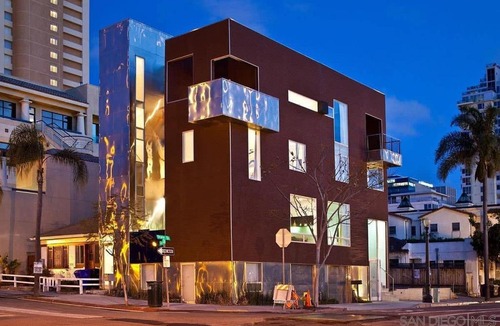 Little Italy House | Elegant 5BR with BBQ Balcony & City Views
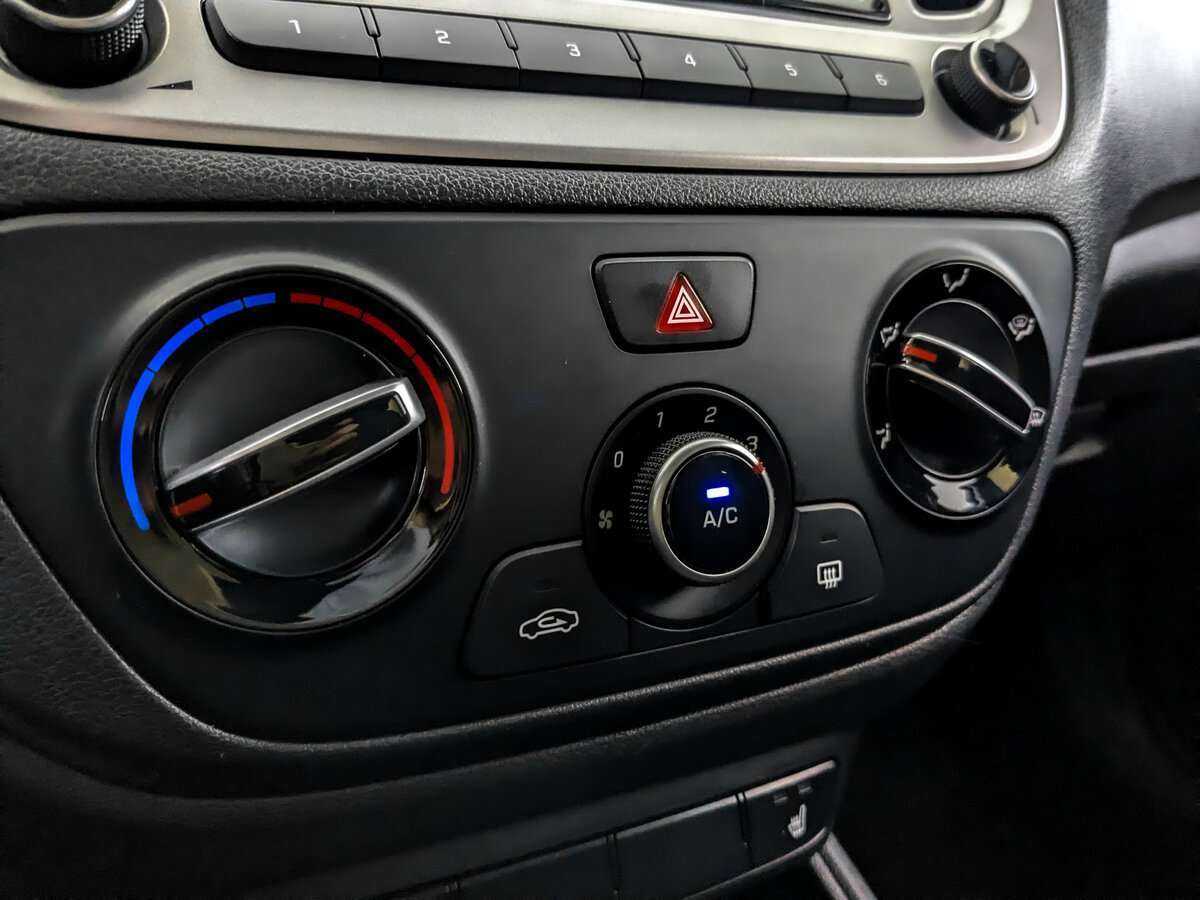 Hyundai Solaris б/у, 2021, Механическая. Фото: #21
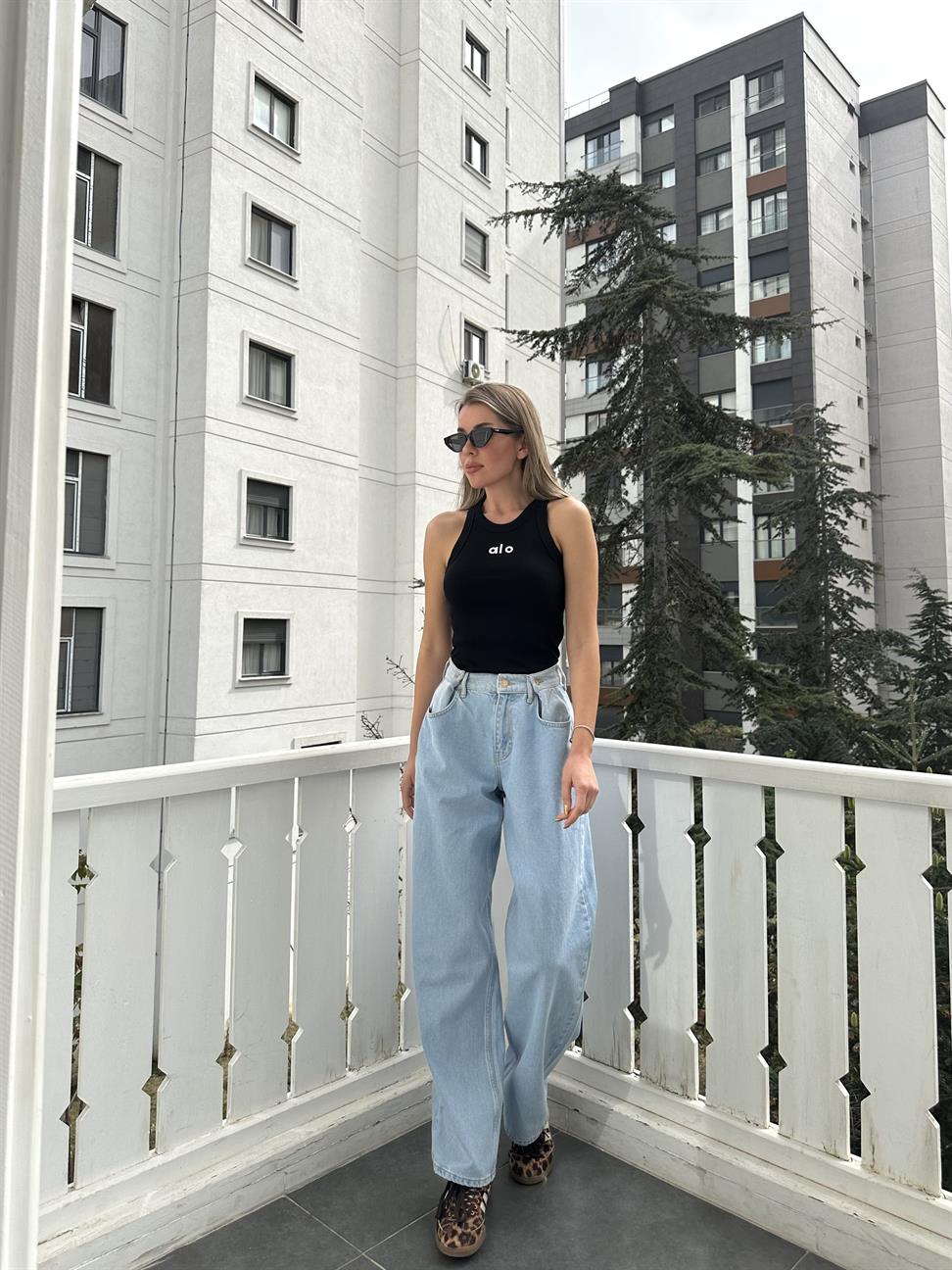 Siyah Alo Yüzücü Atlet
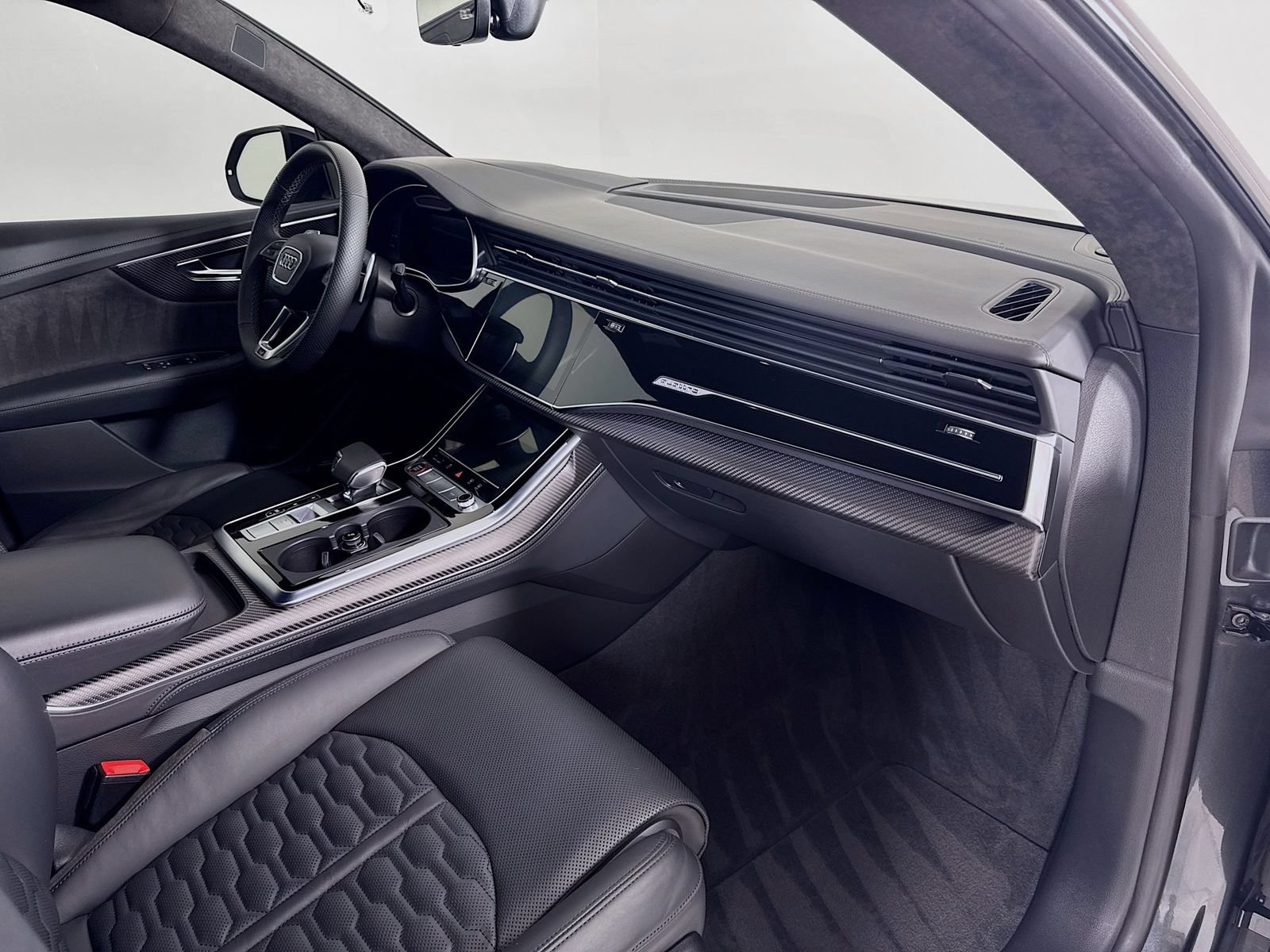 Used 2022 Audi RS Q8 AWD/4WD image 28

---

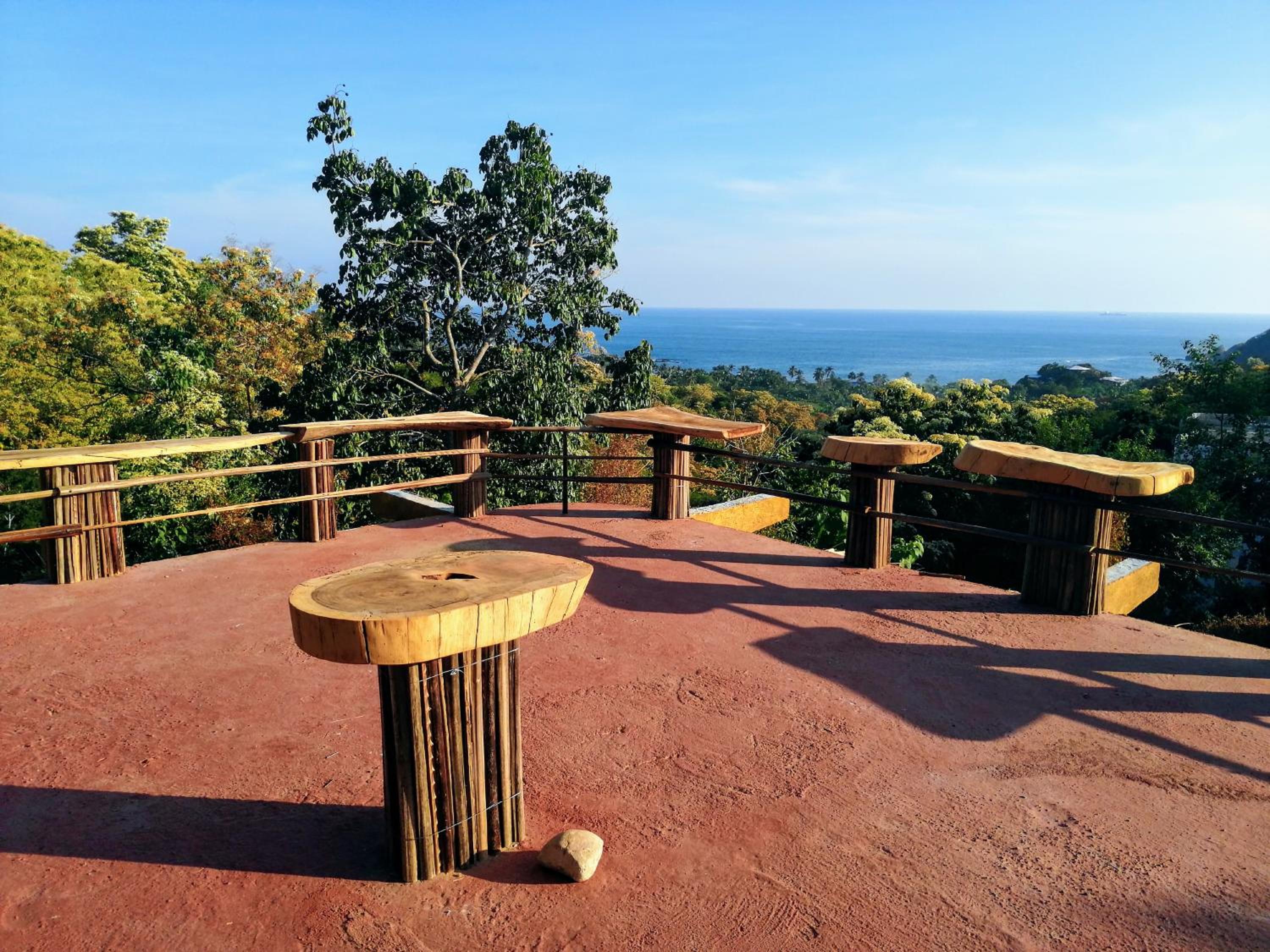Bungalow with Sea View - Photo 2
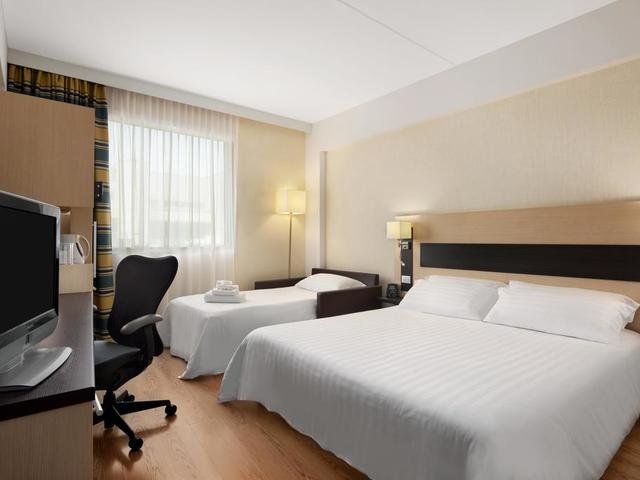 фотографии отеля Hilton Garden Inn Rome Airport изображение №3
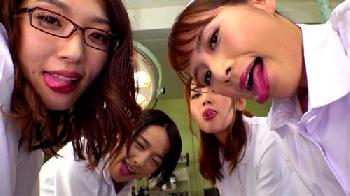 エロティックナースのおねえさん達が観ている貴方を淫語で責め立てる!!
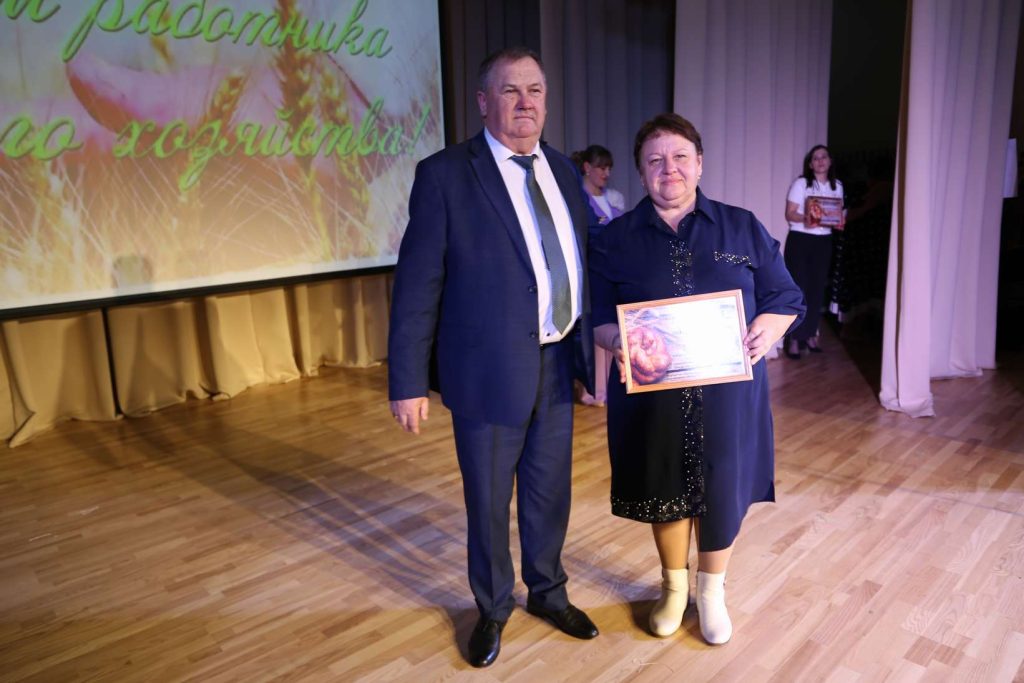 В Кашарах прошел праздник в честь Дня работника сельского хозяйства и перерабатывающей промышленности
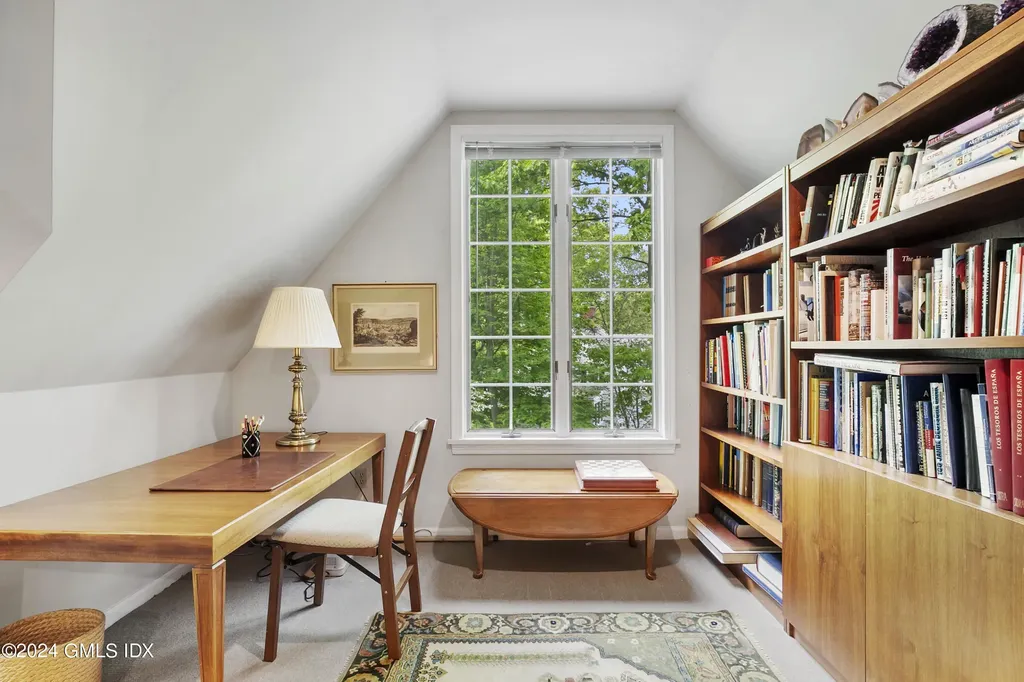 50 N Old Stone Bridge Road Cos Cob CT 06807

...

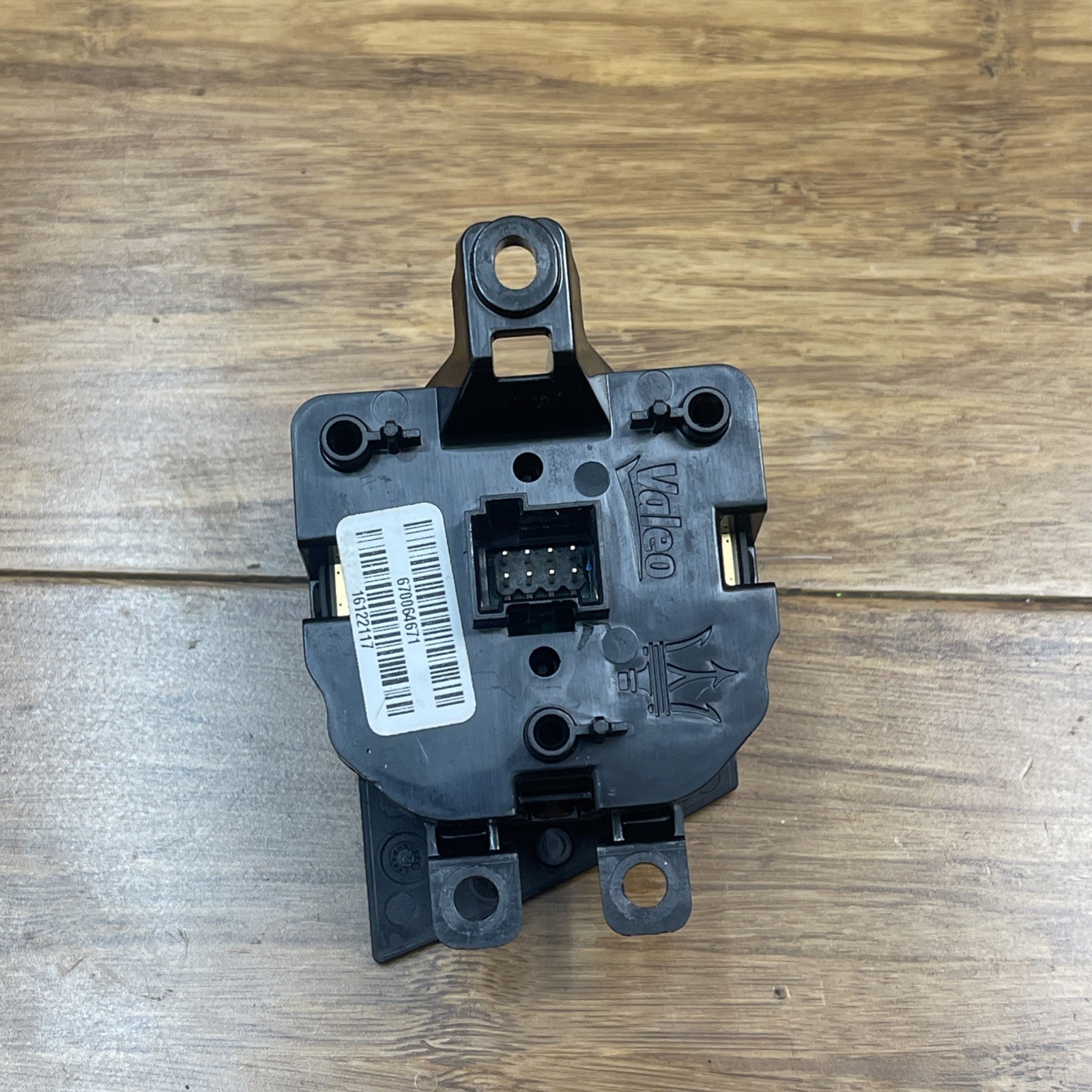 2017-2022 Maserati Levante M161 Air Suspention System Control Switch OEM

▸ WHAT YOU ARE ASKED TO DO:
In the listing above, find the line with "Bungalow with Sea View - Photo 2" and the line with "50 N Old Stone Bridge Road Cos Cob CT 06807". Set down exactly those lines and everything between them, skipping pictures.

▸ WRITTEN RESPONSE:
Bungalow with Sea View - Photo 2
 фотографии отеля Hilton Garden Inn Rome Airport изображение №3
 エロティックナースのおねえさん達が観ている貴方を淫語で責め立てる!!
 В Кашарах прошел праздник в честь Дня работника сельского хозяйства и перерабатывающей промышленности
 50 N Old Stone Bridge Road Cos Cob CT 06807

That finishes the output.